Nükleer teknolojiyi uğursuz sultalarını sürdürmek ve zayıf milletleri tehdit etmek için daha çok askeri alanda ön plana çıkaran emperyalist güçler halbuki ekonominin can damarı olan enerji üretiminde daha çok kullanmakta, insan yaşamının her alanında nükleer teknolojiyi hizmetlerine almış bulunmaktalar.
Kendi ülkelerinin refahı ve kalkınması İçin nükleer teknolojiyi her geçen gün daha geniş alanlarda kullanan müstekbir güçler sıra İran’a gelince “atom bombası yapabilir” iftirası ile bu ülkeyi nükleer teknoloji nimetinden mahrum bırakmayı amaçlamaktadırlar.
İran’ın tüm nükleer faaliyetlerini Uluslararası Atom Enerjisi Ajansı uzmanlarınca teknik mekanizmalarla 24 saat boyunca gözetlemelerine ve NPT ek protokolü çerçevesinde istedikleri her merkezi defalarca denetlemelerine rağmen yine de bununla yetinmemekte ve İran’ın barışçıl/sivil nükleer faaliyetlerini durdurmak için bu dalda faaliyet gösteren bilim insanlarını öldürmek yoluna başvurmaktalar.
Niçin mi?
Çünkü İran, küresel sulta sistemine entegre olmamakta; sömürülerine, cinayetlerine kayıtsız kalmamakta, zalimlerle işbirliği yapmamaktadır.

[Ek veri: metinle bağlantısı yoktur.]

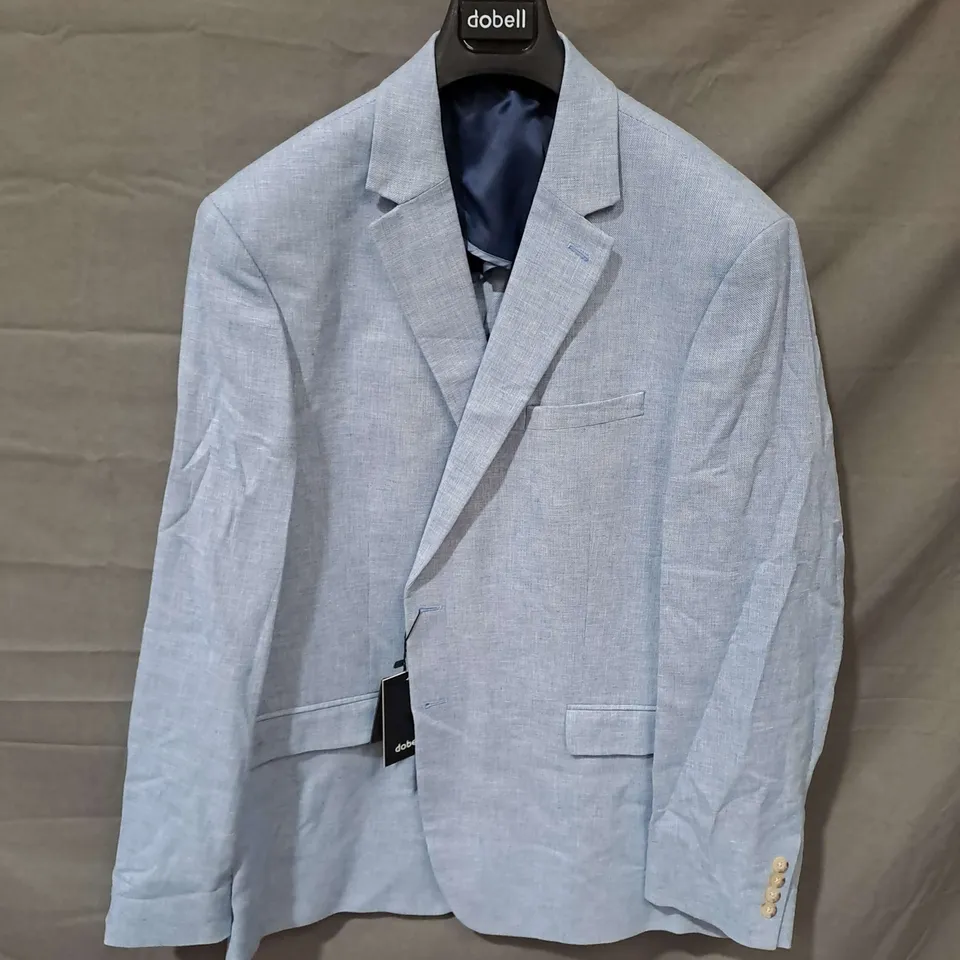DOBELL SUIT JACKET IN LIGHT BLUE LINEN SIZE 50R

Çünkü İran, başını ABD’nin çektiği müstekbir güçler ve işbirlikçilerinin işgalleri, yağmalamaları ve cinayetlerine karşı bölge halklarınca sürdürülen direniş hareketlerini desteklemektedir.
Çünkü İran, İslam coğrafyasının kalbine yerleştirilen kanser tümörü İsrail’in uğursuz varlığını kabul etmemektedir. Sulta sisteminin şımarık temsilcisi bu terör rejimi ortadan kaldırılmadıkça bölgede ve yeryüzünde barış ve huzurun sağlanamayacağını haykırmaktadır.

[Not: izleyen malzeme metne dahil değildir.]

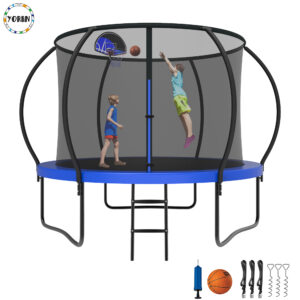 YORIN Trampoline, 10FT Trampoline with Enclosure Net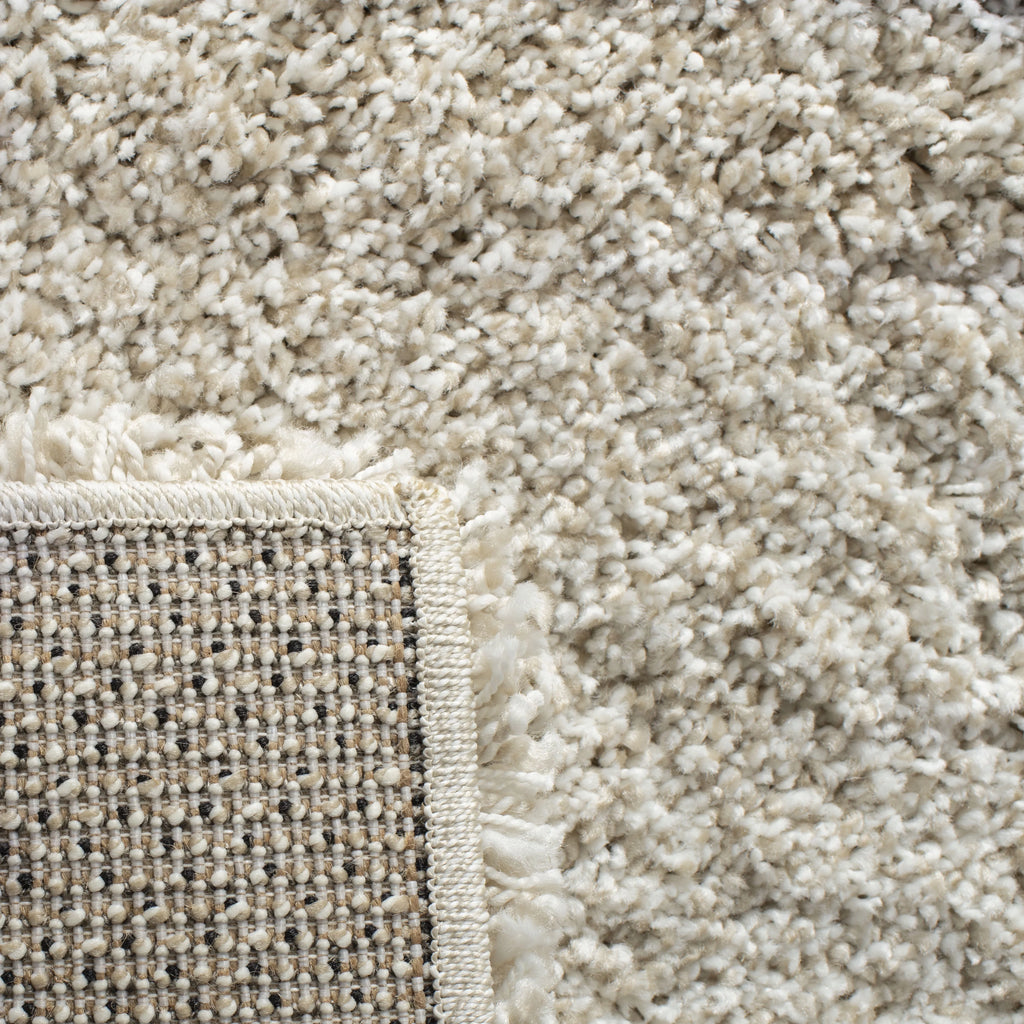 Ivory Grey Geometric Shag Area Rug 11' x 15' W47540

Çünkü İran, ülkeleri işgale uğrayan Lübnan, Filistin, Yemen, Suriye ve Irak halklarının yanında yer almakta, onları her açıdan desteklemektedir.
Çünkü İran, Batı emperyalizminin bilimsel-tekonolojik tekelciliğine karşı da direnmektedir. Bu doğrultuda bilimsel-teknolojik birikimlerini, bu cümleden olarak füze/roket teknolojisini direniş cephesinde yer alan halkların hizmetine sunmaktadır.
Ve işte bu cesurca duruşunun, bilimsel-teknolojik tekelciliğe karşı bu direnişinin bedelini seçkin bilim insanlarını şehid vererek ödemektedir.
İnsanlık düşmanları yaptırımlarla, ekonomik ablukayla, diplomatik baskıyla, yalan ve iftira dolu propagandalarla ve en çirkini terör eylemleriyle bu hareketin önünü alacaklarını sanıyor ve bölgedeki dostlarına moral verdiklerini sanıyorlar.
İslam düşmanları İran içerisinde dönem dönem iş başında bulunan basiretsiz ve İnkılabın ilkelerinden uzaklaşmış kişi ve çevrelerin uzlaşmacı tavırlarına bakarak yanlış hesap yapmaktadırlar.
Halbuki ne İslam coğrafyasındaki basiretsizlerin uzlaşmacı tavırları, ne de bölgedeki işbirlikçi kukla rejimler 41 yıl önce yükseltilmiş İnkılap bayrağını indirmekte sulta sistemine yardım edemeyecek ve bölge halklarının uyanış, diriliş ve direnişi karşısında kesinlikle yenilgiye uğrayacaklardır, o günler yakındır, inşallah.